Mittwoch, 26. Februar 2003, 0.20 Uhr 
   Stadt im Visier
   Notizen aus Bagdad
   Von Luc Walpot
Die Nachricht verbreitet sich wie ein Lauffeuer. Der Präsident
habe eine Amnestie erlassen. Alle Gefangenen sollen sofort entlassen
werden. Innerhalb einer Stunde versammeln sich in Abu Gharib vor den
Toren Bagdads mehr als 50.000 Menschen. Sie rütteln an den Toren der
größten Haftanstalt des Iraks. Die Wachmannschaften sind überfordert.
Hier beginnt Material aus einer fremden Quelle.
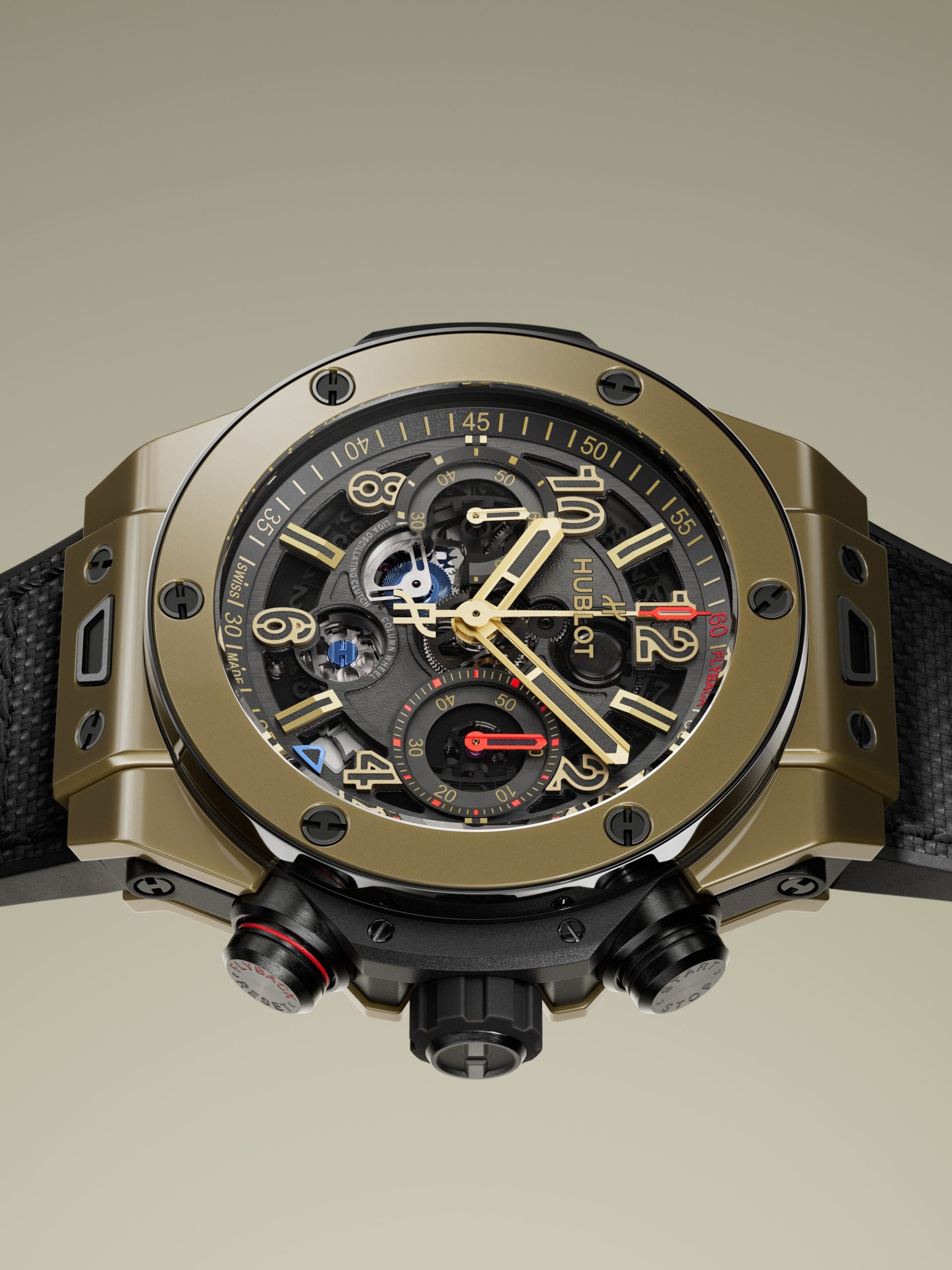 Big Bang Reloaded Magic Gold — view 3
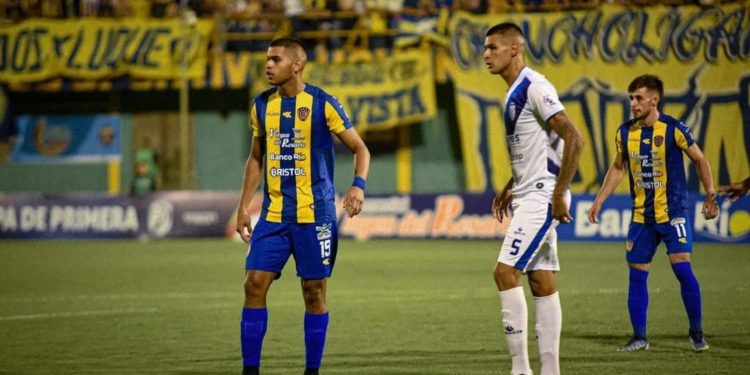 Por el primer triunfo: Luqueño recibe a Ameliano en el Feliciano Cáceres Por el primer triunfo: Luqueño recibe a Ameliano en el Feliciano Cáceres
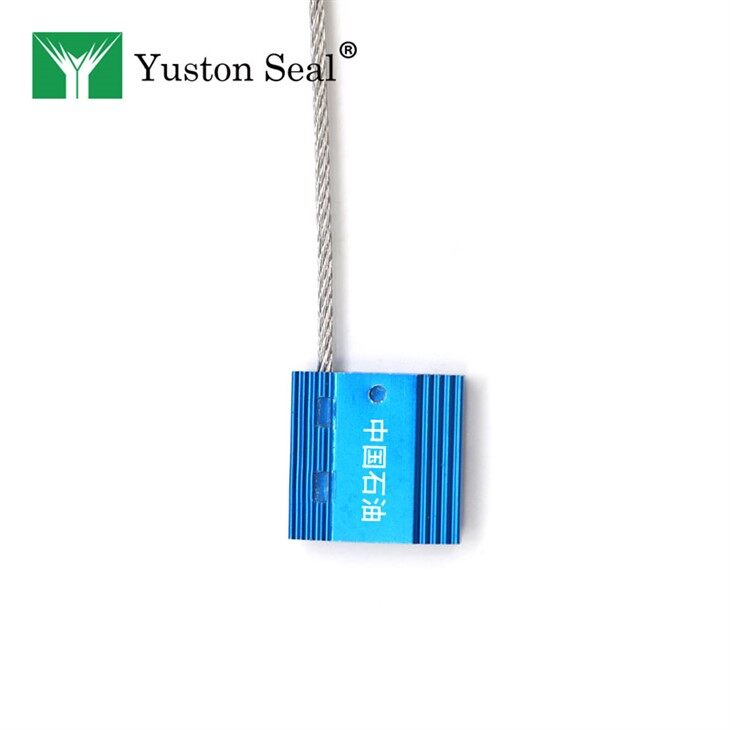 container pull tight cable seal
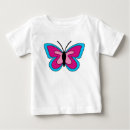 Pesquisar por borboleta azul bebê camisetas Inseto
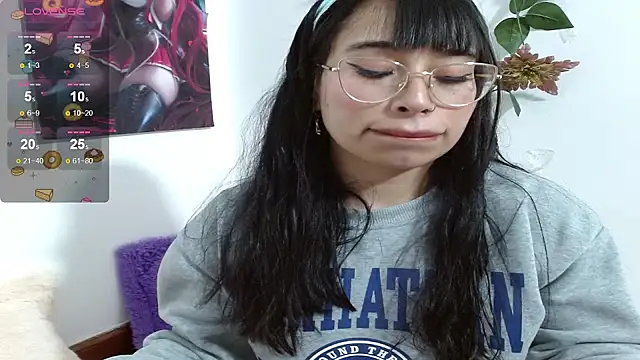 DearAbbiee online show from February 2025 10:50:02 AM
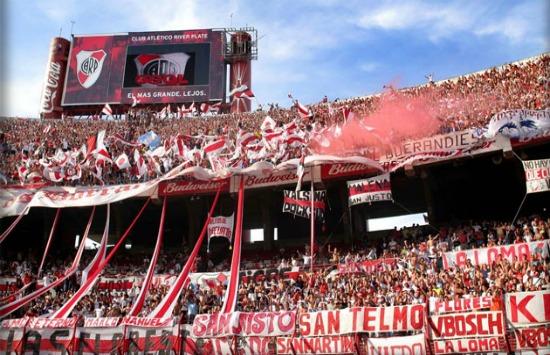 Imagen de El Ministerio de Seguridad les prohibió el ingreso a tres barras de River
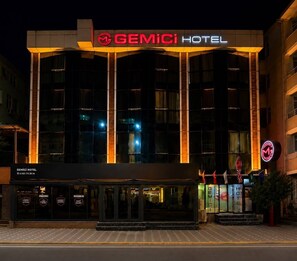Exterior - GEMİCİ HOTEL (Darica)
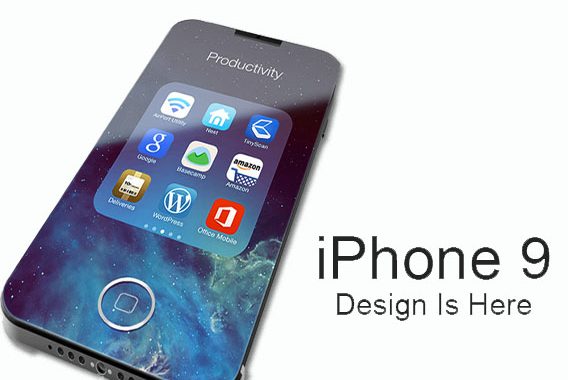 Edge To Edge Display For The Upcoming iPhone 9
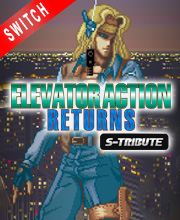 Elevator Action Returns S-Tribute Switch
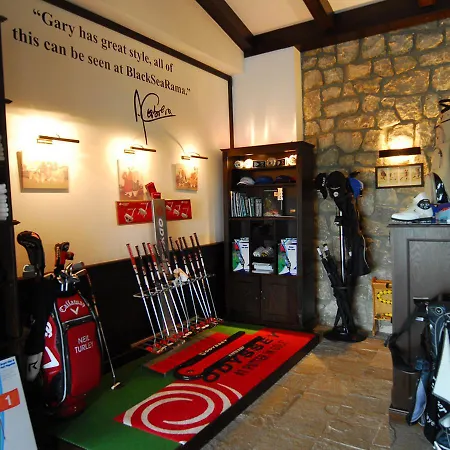 Hotel Club At Blacksearama Golf Balchik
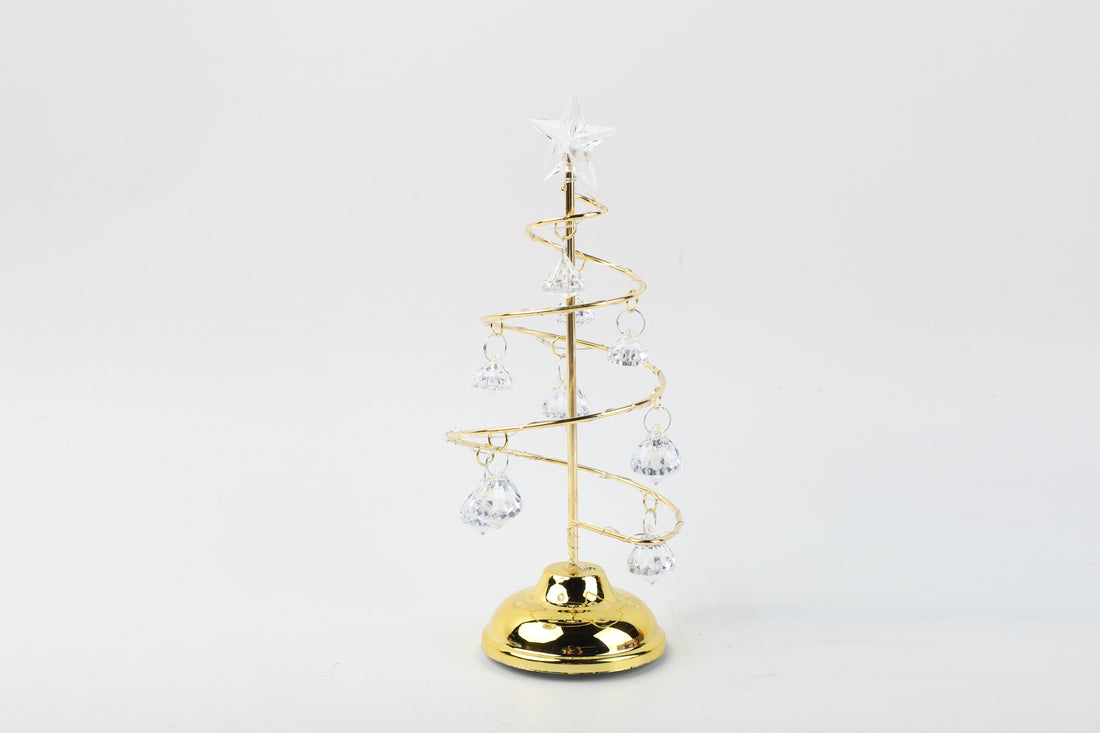 Arbol de Navidad Metálico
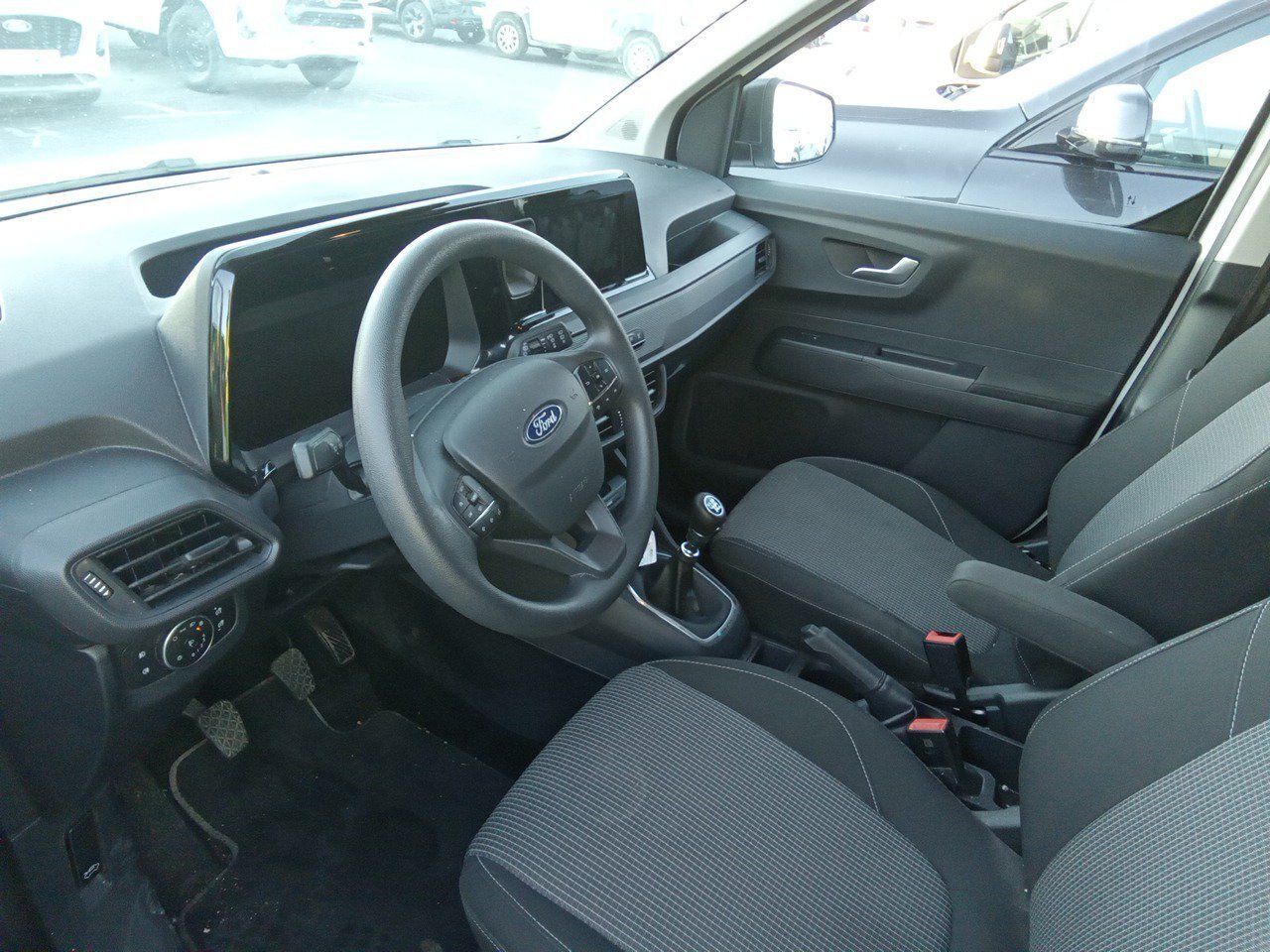 Ford Transit Courier Kombi 1.5 Ecoblue 75kw Trend - Foto 2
Sie öffnen die Tore. Die Familien strömen in das Gefängnisgelände.
Brüder liegen sich nach 20 Jahren wieder in den Armen. Mütter brechen
tränenüberströmt zusammen, ihren auf immer verloren geglaubten Sohn
an der Seite. Am Abend wird das Staatsfernsehen den Großmut des
Präsidenten Saddam Hussein loben. Das passt ins Bild. Was nicht
passt, ist die Demonstration von einigen Dutzend Familien am nächsten
Tag mitten in Bagdad. Diese Menschen suchen "ihre" Gefangenen: Söhne,
Väter, Brüder, die trotz Amnestie nicht zurückkamen. Verschollen in
den Kerkern des Saddam Hussein.
Auch Wahida wartet vergeblich auf ihren Mann. Sie ist Kriegswitwe.
Wo ihr Mann im Iran begraben liegt, weiß sie nicht. Es ist Jahre her.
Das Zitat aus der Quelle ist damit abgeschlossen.